- Aim of the task: Please return every line in the following data that includes the string "Twist".
━━ Given records ━━
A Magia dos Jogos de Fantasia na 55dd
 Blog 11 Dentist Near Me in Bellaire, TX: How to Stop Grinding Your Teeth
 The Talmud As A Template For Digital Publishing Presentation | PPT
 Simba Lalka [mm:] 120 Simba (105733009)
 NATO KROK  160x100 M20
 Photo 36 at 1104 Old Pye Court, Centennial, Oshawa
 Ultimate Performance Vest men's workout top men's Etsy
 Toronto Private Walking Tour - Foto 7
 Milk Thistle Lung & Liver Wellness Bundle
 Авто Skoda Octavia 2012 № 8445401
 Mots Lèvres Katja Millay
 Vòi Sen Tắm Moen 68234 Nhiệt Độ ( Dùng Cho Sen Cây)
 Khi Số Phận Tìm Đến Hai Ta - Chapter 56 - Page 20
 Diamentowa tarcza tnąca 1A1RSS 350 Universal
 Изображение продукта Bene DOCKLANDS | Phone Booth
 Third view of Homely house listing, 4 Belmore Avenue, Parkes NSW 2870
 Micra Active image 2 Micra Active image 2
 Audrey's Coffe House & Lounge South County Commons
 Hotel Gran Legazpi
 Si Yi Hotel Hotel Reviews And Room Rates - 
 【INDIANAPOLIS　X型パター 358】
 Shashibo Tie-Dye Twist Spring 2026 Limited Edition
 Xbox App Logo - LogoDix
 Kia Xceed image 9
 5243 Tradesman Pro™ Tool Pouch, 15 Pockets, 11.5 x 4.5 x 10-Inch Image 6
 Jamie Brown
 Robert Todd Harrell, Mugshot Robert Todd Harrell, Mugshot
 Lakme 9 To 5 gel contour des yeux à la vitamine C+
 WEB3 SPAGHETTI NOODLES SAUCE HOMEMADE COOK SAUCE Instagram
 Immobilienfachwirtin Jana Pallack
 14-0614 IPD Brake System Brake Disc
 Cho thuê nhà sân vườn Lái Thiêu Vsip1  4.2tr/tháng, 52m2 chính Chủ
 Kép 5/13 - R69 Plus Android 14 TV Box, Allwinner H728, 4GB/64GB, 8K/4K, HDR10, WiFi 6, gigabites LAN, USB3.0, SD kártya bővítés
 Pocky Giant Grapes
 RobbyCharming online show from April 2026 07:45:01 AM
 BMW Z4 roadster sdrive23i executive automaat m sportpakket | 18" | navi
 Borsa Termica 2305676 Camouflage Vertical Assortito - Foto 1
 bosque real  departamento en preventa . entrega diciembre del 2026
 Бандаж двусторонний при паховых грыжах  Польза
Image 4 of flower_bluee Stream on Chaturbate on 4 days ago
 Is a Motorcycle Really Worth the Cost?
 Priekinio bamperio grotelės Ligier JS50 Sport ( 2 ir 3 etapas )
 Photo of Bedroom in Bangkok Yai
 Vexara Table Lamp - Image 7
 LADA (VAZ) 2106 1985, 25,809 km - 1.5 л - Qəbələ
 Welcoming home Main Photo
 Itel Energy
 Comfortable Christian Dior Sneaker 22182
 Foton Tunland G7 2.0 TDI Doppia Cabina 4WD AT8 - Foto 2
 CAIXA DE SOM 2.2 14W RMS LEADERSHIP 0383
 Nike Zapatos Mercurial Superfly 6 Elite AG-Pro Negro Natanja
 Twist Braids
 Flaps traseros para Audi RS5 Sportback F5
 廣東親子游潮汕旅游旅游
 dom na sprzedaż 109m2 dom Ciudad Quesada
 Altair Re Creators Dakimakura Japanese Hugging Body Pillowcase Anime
━━━
- Answer area:
 Shashibo Tie-Dye Twist Spring 2026 Limited Edition
 Twist Braids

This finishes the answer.